• **Brief**:
Find where "Heavy Duty Stainless" appears in the records below, then return that line and every later line exactly, stopping only at the last line.

(Listed entries)

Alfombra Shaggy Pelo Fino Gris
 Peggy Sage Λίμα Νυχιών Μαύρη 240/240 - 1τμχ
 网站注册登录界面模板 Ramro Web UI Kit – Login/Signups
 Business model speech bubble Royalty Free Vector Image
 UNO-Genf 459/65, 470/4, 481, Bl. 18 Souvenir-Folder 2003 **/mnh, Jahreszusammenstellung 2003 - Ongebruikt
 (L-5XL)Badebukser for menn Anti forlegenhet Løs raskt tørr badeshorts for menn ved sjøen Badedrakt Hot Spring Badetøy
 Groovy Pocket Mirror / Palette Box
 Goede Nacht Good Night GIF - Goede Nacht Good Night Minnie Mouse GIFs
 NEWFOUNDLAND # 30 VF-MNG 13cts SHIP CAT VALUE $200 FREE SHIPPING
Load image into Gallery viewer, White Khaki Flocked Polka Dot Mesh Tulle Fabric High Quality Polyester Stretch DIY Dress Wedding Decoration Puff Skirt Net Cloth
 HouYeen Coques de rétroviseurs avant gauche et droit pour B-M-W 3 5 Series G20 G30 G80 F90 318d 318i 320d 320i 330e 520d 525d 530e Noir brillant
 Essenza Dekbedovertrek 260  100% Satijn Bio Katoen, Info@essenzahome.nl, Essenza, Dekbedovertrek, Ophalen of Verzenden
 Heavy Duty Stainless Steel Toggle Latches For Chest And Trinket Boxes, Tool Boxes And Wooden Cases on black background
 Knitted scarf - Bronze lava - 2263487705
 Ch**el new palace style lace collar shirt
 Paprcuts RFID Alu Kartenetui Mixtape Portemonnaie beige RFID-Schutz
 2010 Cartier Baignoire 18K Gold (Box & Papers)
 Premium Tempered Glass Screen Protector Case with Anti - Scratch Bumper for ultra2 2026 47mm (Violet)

(End Listed entries)

• **Result of this task**:
 Heavy Duty Stainless Steel Toggle Latches For Chest And Trinket Boxes, Tool Boxes And Wooden Cases on black background
 Knitted scarf - Bronze lava - 2263487705
 Ch**el new palace style lace collar shirt
 Paprcuts RFID Alu Kartenetui Mixtape Portemonnaie beige RFID-Schutz
 2010 Cartier Baignoire 18K Gold (Box & Papers)
 Premium Tempered Glass Screen Protector Case with Anti - Scratch Bumper for ultra2 2026 47mm (Violet)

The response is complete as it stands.